Captioned web images
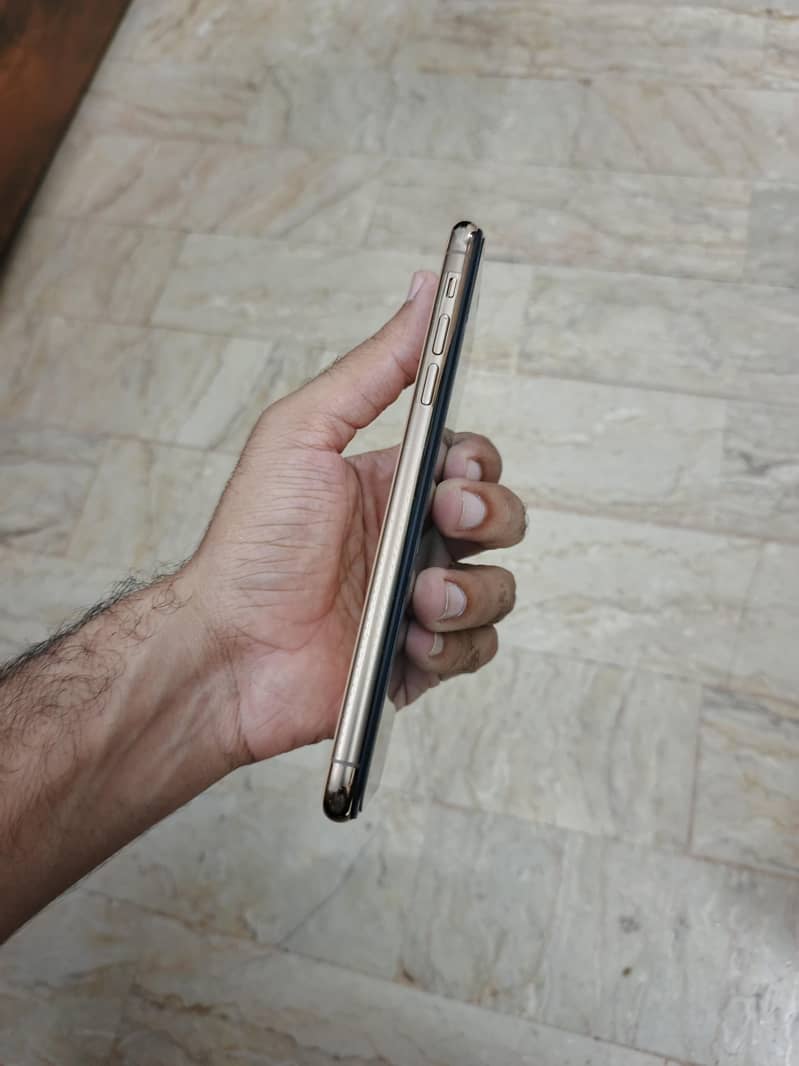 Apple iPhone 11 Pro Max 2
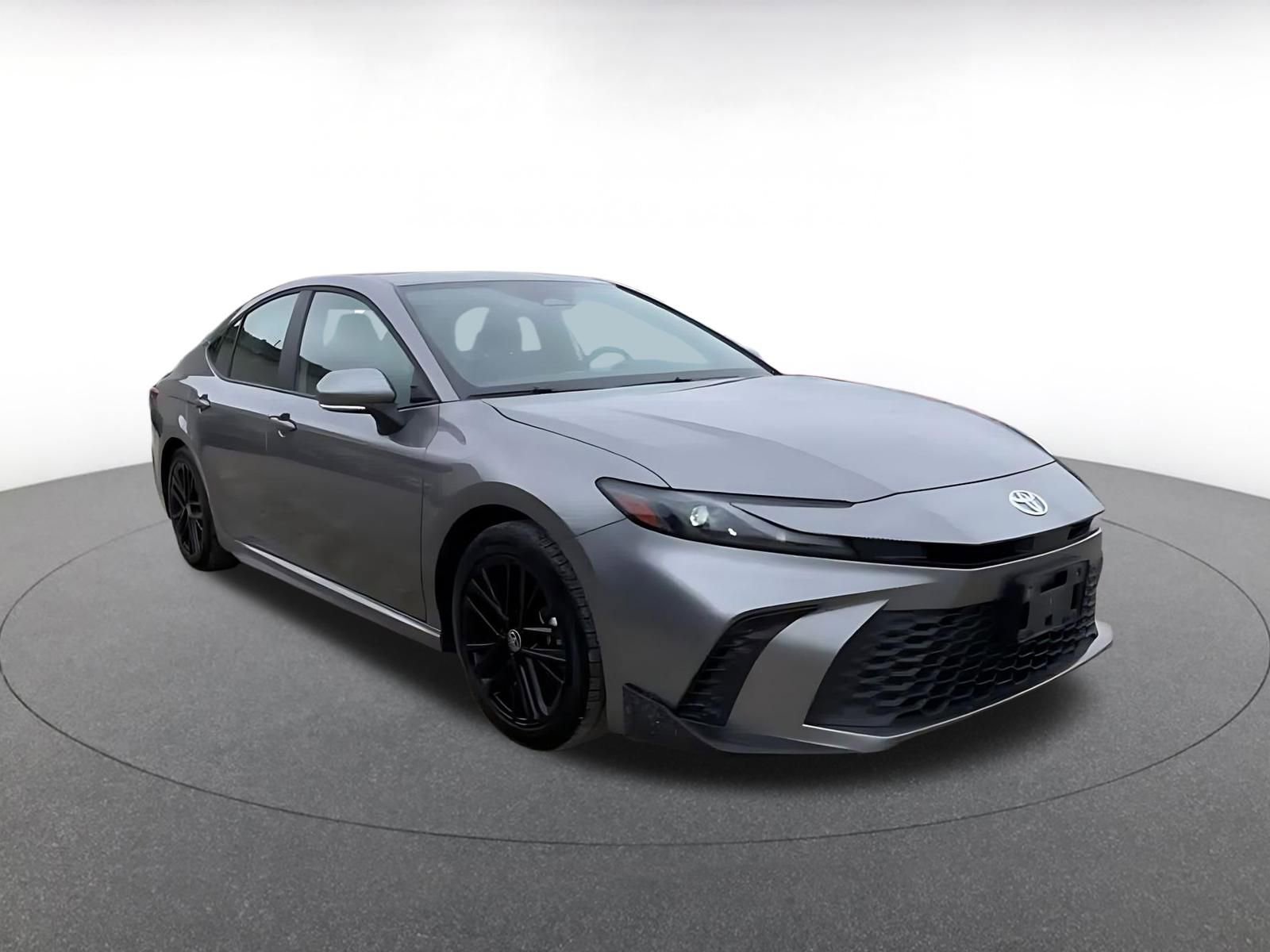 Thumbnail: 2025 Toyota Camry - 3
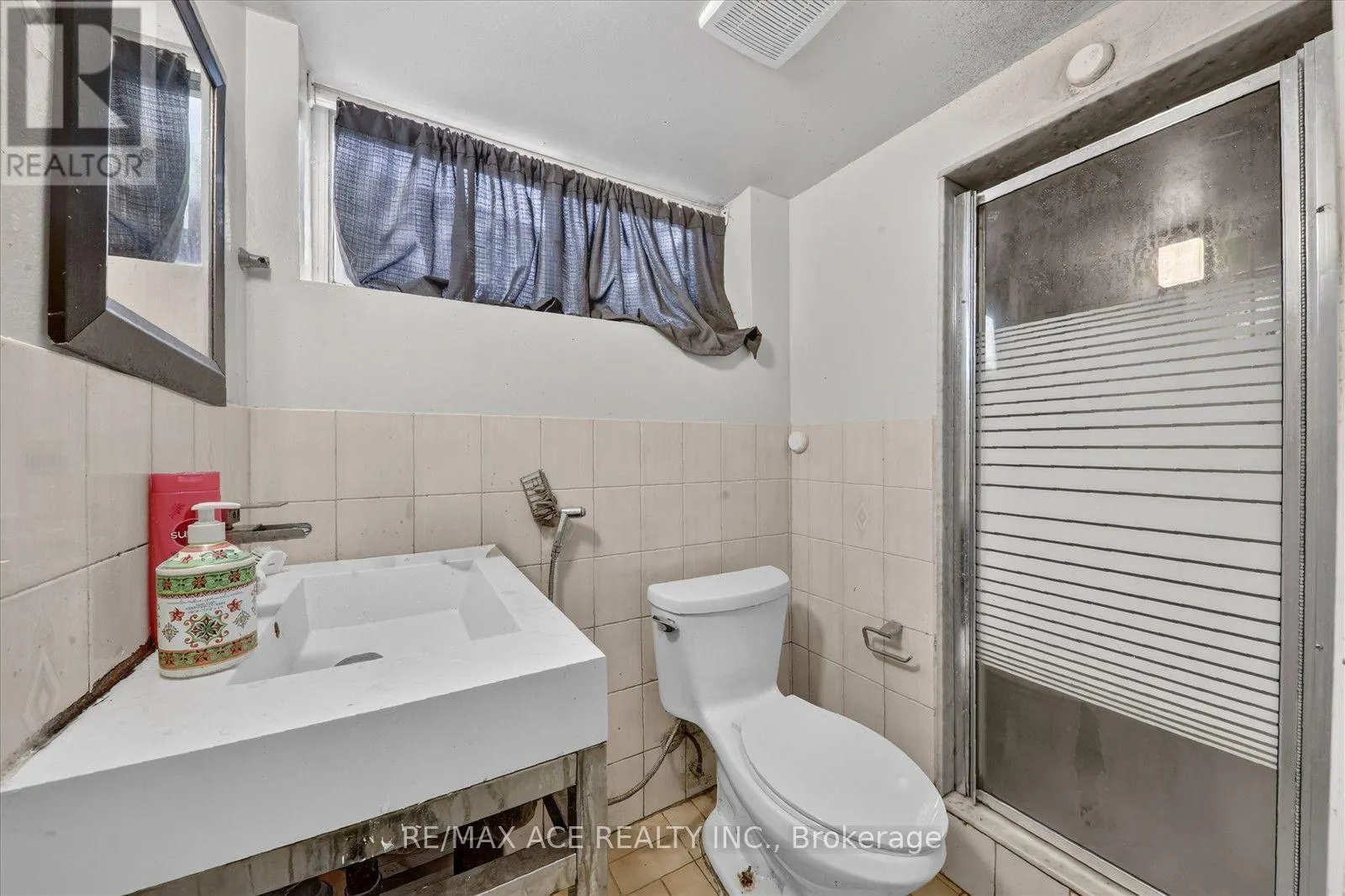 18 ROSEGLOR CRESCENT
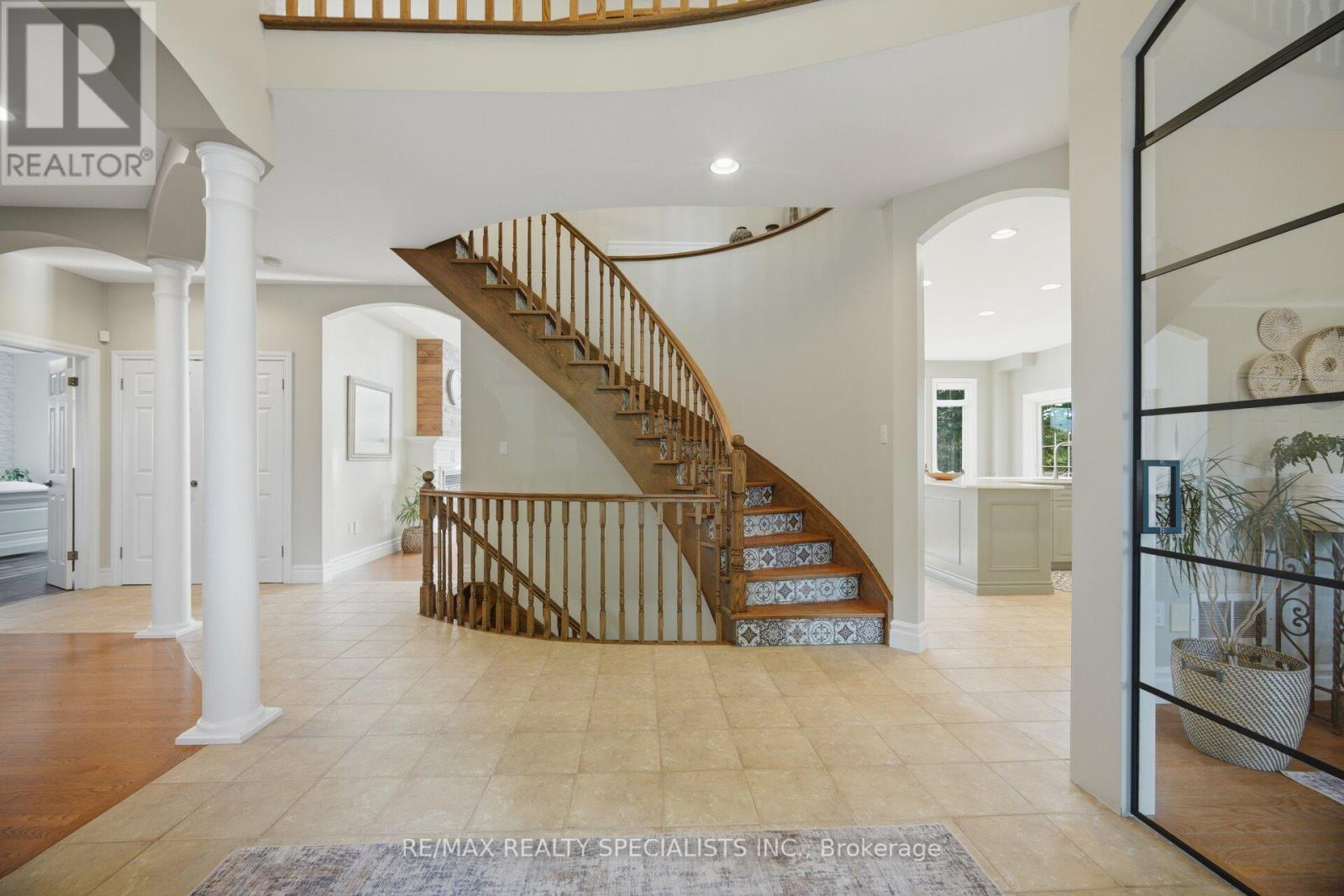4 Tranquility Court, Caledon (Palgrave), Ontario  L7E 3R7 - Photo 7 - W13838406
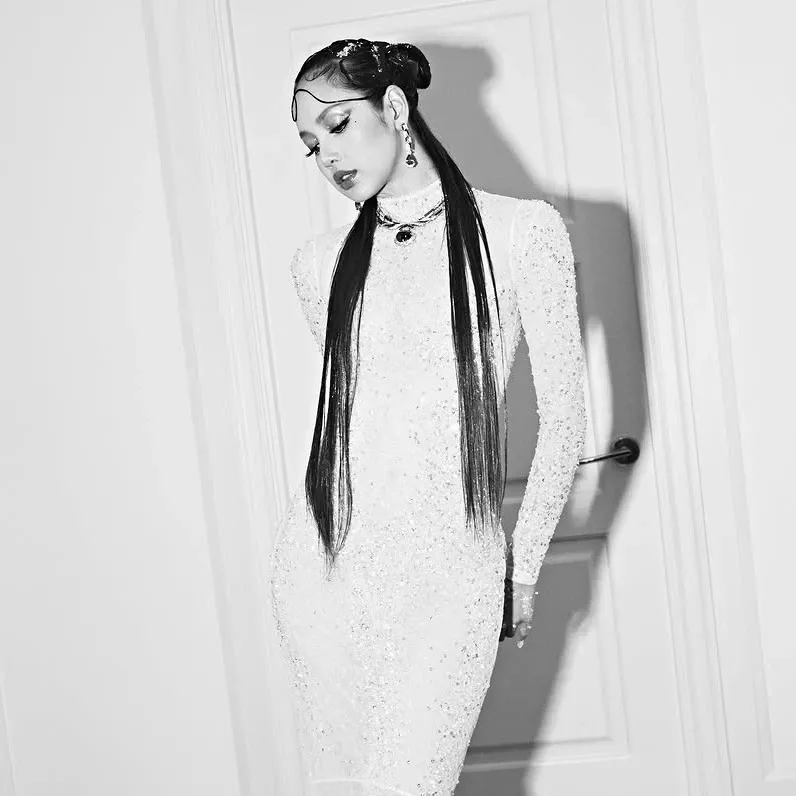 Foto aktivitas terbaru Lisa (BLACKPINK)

Brief = All lines from the one containing "4 Tranquility Court, Caledon" to the last line of the records above, and no others, should be returned unchanged, without pictures.

The answer =
4 Tranquility Court, Caledon (Palgrave), Ontario  L7E 3R7 - Photo 7 - W13838406
 Foto aktivitas terbaru Lisa (BLACKPINK)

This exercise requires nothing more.